Apakah aku harus dituntut untuk disuapi bahkan dalam masalah memilih judul
sekalipun?
Dan yang akan menulis ini adalah aku. Yang akan
berkutat dengan skripsi ini aku. Apa yang terjadi jika dari awal bahkan judul
tulisanku sendiripun sama sekali tidak kuinginkan, apakah ini tidak akan
berdampak dengan jalanku saat menulis nanti? Apakah kejenuhan itu tidak akan
menghampiri?

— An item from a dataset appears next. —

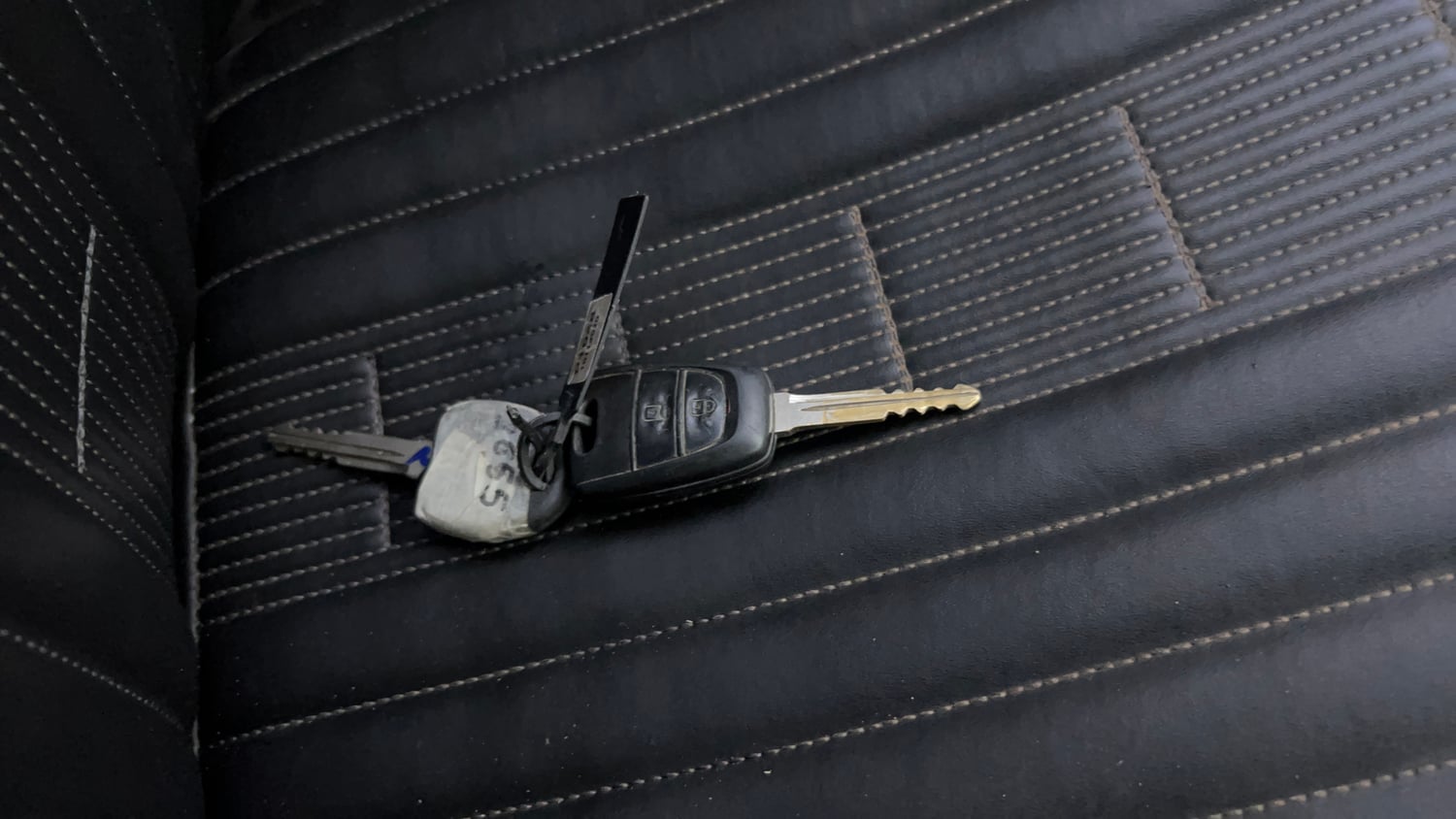 Used 2020 Hyundai Santro Asta Petrol Manual extra CAR KEY VIEW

Bahkan mengerjakan sesuatu yang disukai pun akan ada kejenuha,
bagaimana jika memang hal itu bukan keinginan dari kita? Jika kalian pernah
belajar psikologi, coba pikirkan keadaan psikologi seorang anak yang dipaksa
untuk menjalani sesuatu yang tidak diinginkannya.
Dan lagi-lagi, dengan sekian kali aku katakan,
silahkan menilai sehak kalian. Menilai aku tidak dewasa dan apapun itu. Aku
punya Tuhan, aku punya Allah, yang kutempati untuk mengadu, kutempati untuk
minta petunjuk, dan kutempati untuk berpasrah diri dari usahaku yang (mungkin
saja) cukup sampai di sini.
Aku akhiri tulisan ini dengan kalimat yang hampir
sama dengan tulisan pertama; Kamu akan dikenang selamanya, jika berhasil
membuat seorang penulis terkesan dengan kebaikanmu.